On a traîné, on a crié , la Corse a trinqué

Gestion des ports et aéroports : on a traîné, on a crié, la Corse a trinqué


Les solutions envisageables ne sont pas légion. Il est probable que, pour éviter de passer par la case appel d’offre et ainsi conserver une gestion corse des ports et aéroports, on en viendra in fine à un choix entre deux scenarii : soit intégrer la CCI à la CDC ; soit organiser le passage de la CCI sous tutelle de la CDC selon un cadre statutaire prévoyant expressément que l’attribution de la gestion des ports et aéroports pourra se faire sans mise en concurrence.


Le 3 octobre dernier, les élus de la CCI de Corse (Chambre de commerce et d'industrie de Corse) sont réunis en assemblée générale. A l’ordre du jour, figure un point essentiel : le devenir de la gestion des installations portuaires et aéroportuaire insulaires actuellement assurée par la CCI. A priori, tout devrait se passer sereinement. En 2018, ce qui convenait alors et convient toujours à tout le monde en Corse, l’État a assuré être favorable à ce que cette gestion ne soit pas soumise comme dans l’Hexagone, à des appels d’offre et donc au risque de mainmise par un grand groupe (ce qui ferait perdre à la CCI la perception des taxes portuaires et aéroportuaires, au bas mot 100 M€ / an, soit la majeure partie de ses recettes). Ceci ayant été acté et du temps étant nécessaire pour élaborer une solution bordée juridiquement (c’est-à-dire inattaquable devant la Cour de Justice Européenne), l’État a accordé une dérogation courant jusqu’au 31 décembre 2024, autorisant la CCI à rester gestionnaire des installations portuaires et aéroportuaires.

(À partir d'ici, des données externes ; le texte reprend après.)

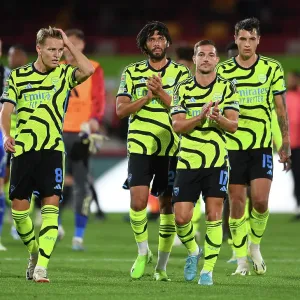 Arsenal Triumph in Carabao Cup Clash against Brentford: Odegaard, Elneny, and Soares Celebrate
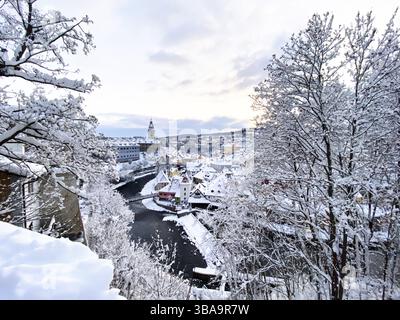 cesky Krumlov, UNESCO. Historische Stadt mit Schloss und Kirche bei Sonnenaufgang. Wunderschöne Winterlandschaft am Morgen mit einem beleuchteten Denkmal. Schneebedeckter Zick Stockfoto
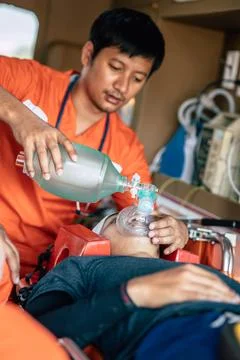 Paramedics Emergency EMS team using Reusable Manual Resuscitator or Ambu Ba.. Stock Photos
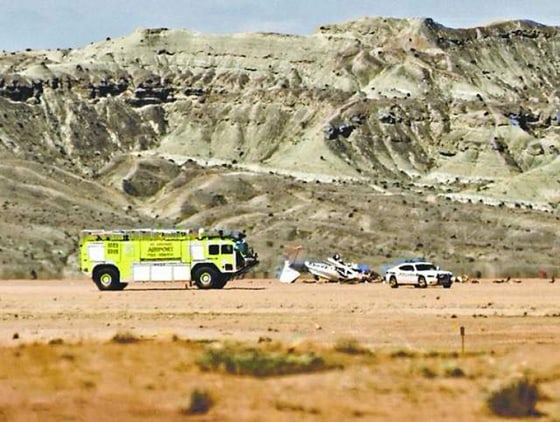 Emergency officials respond to a fatal plane crash near the St. George Municipal Airport on Saturday.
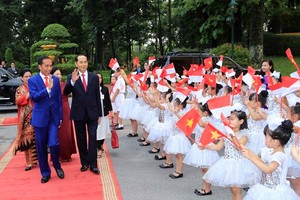 Indonesian President Joko Widodo (L) is welcomed by Vietnamese children at the official welcome ceremony for him and his spouse in Hanoi on September 11 (Photo: VNA)
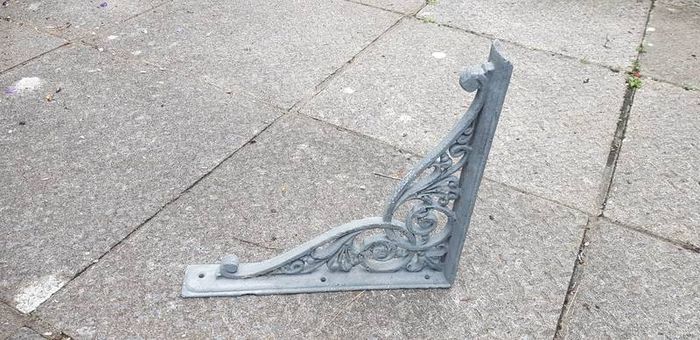 antique shelf support/hanging basket holder.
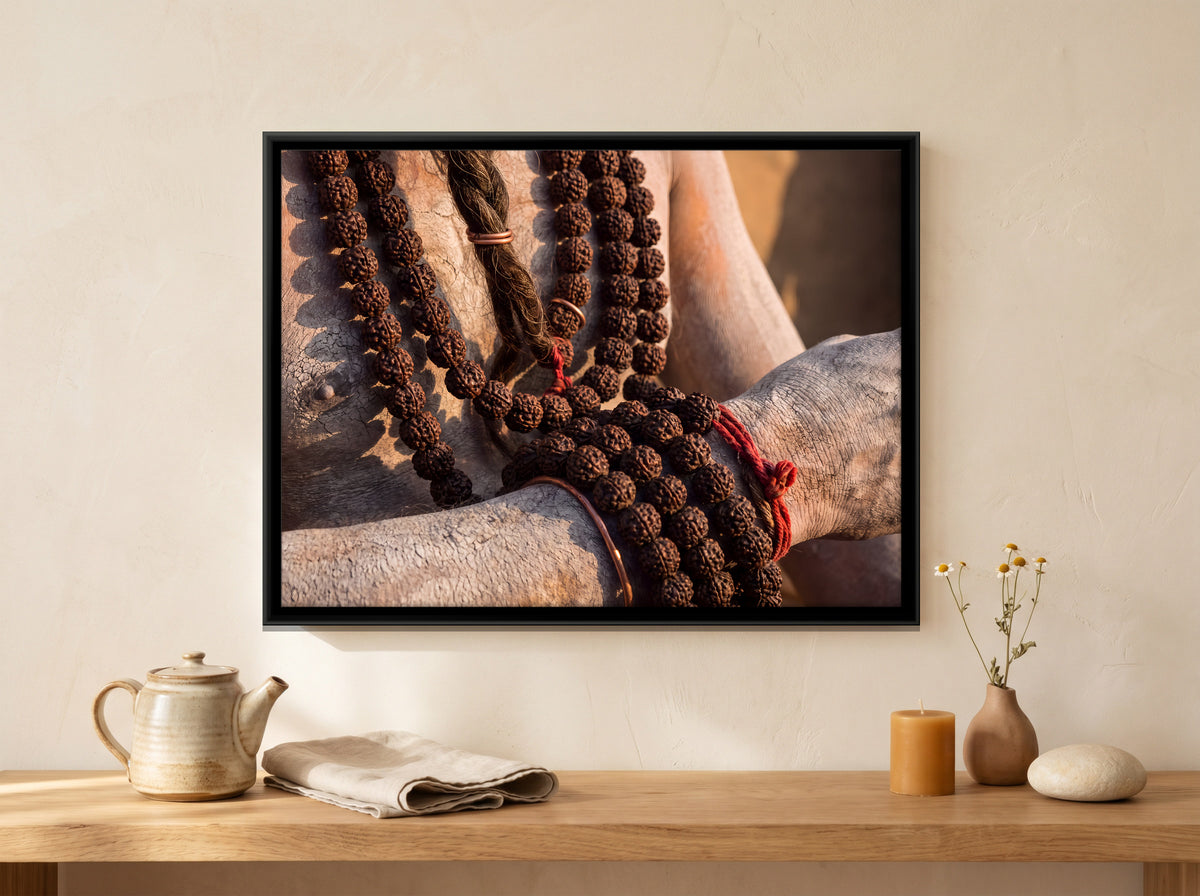 Rudraksha Beads in Hand - canvas art shown in a styled room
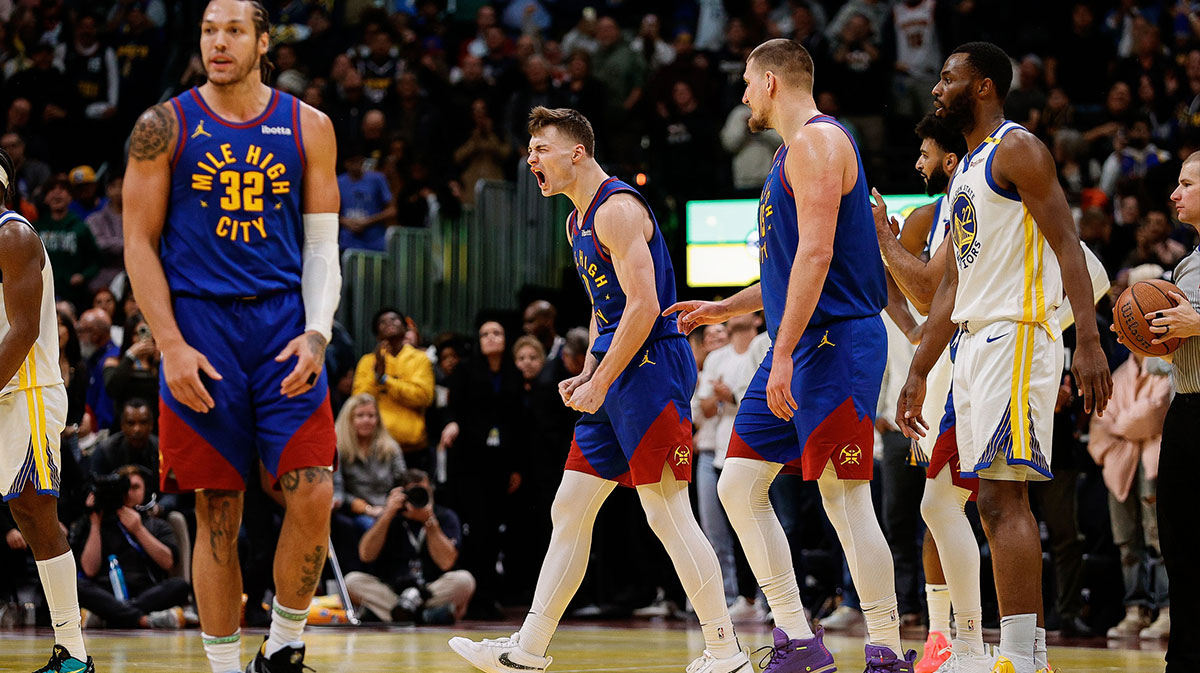 Denver Nuggets guard Christian Braun (0) reacts after a play as center Nikola Jokic (15) and forward Aaron Gordon (32) and Golden State Warriors forward Andrew Wiggins (22) look on in the fourth quarter at Ball Arena.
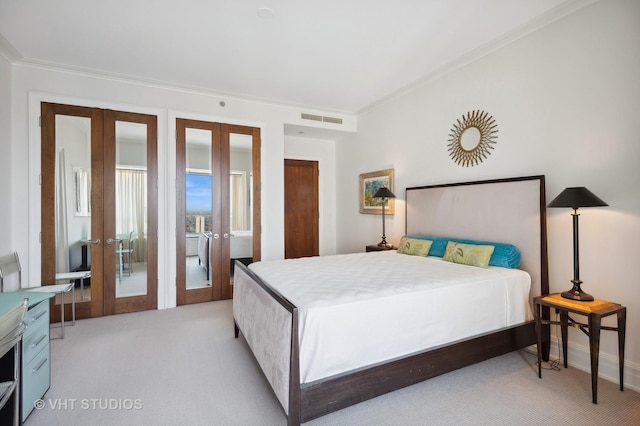 carpeted bedroom featuring french doors and ornamental molding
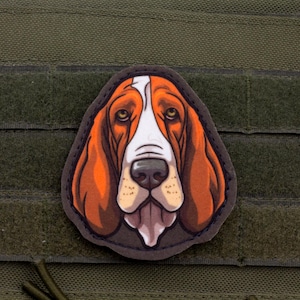 Könnte beinhalten: Ein Aufnäher mit einer detaillierten Illustration eines Basset Hound-Kopfes. Der Hund hat braunes und weißes Fell, lange, hängende Ohren und ein schlaffes Gesicht. Der Aufnäher ist auf einem grünen Stoffhintergrund angebracht.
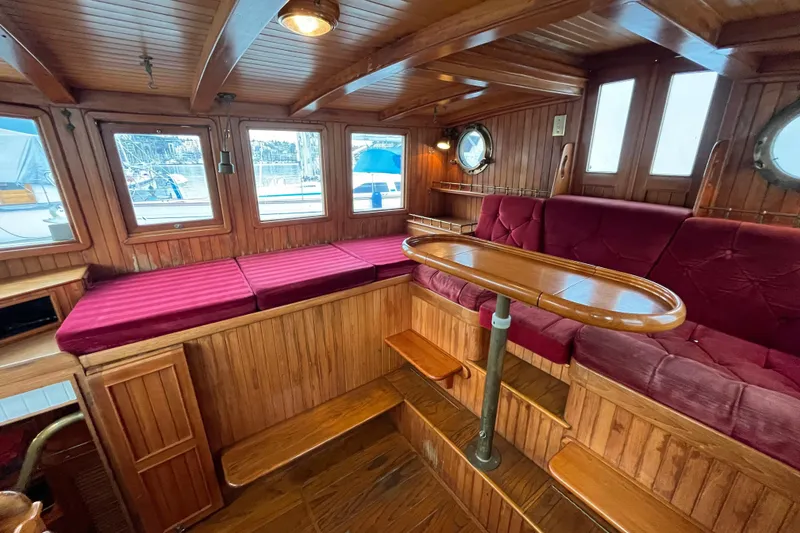 Slide: The Image of Luxurious 1987 Liberty Gatsby yacht interior with wood paneling and plush red seating. - 18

La CDC et la CCI ont pris les choses en main

Cela laissait du temps pour se retourner, mais cela va traîner. Censé proposer une loi sécurisant juridiquement la gestion corse des installations portuaires et aéroportuaires - notamment à partir de la création d’une nouvelle institution consulaire ayant des statuts ad hoc - l’État n’a rien fait et n’a pas répondu aux demandes de la Collectivité de Corse l’invitant à agir. Les années ont passé. En 2023, la CDC (Collectivité de Corse) et la CCI ont décidé de prendre les choses en main. Deux scenarii ont en définitive été envisagés : l’absorption de la CCI par la CDC ; la création d'un établissement public placé sous la responsabilité de la CDC qui pourrait déléguer la gestion des ports et aéroports à la CCI sans procédure d'appel d'offre, et ce, sans encourir les foudres des magistrats européens. Ce dernier scenario a été retenu. Mais le temps ayant défilé, et le délai restant à l’État pour légiférer en ce sens étant bien trop court, il a été mis sur la table la proposition de créer à titre transitoire un SMO aéroportuaire et un SMO portuaire (syndicats mixtes ouverts CDC-CCI devant assurer la gestion des ports et aéroports). Ayant constaté que l’État avait pris tout son temps, la CDC et la CCI ont proposé que la durée de vie des SMO puisse être de sept ans. En mai dernier, le gouvernement a donné son feu vert. Le 22 septembre dernier, l’Assemblée de Corse a pris connaissance d’un rapport d’étape concernant la création des deux SMO et, après avoir débattu, a décidé de délibérer en ce sens lors de la session d’octobre pour mise en œuvre dès le 1er janvier 2025.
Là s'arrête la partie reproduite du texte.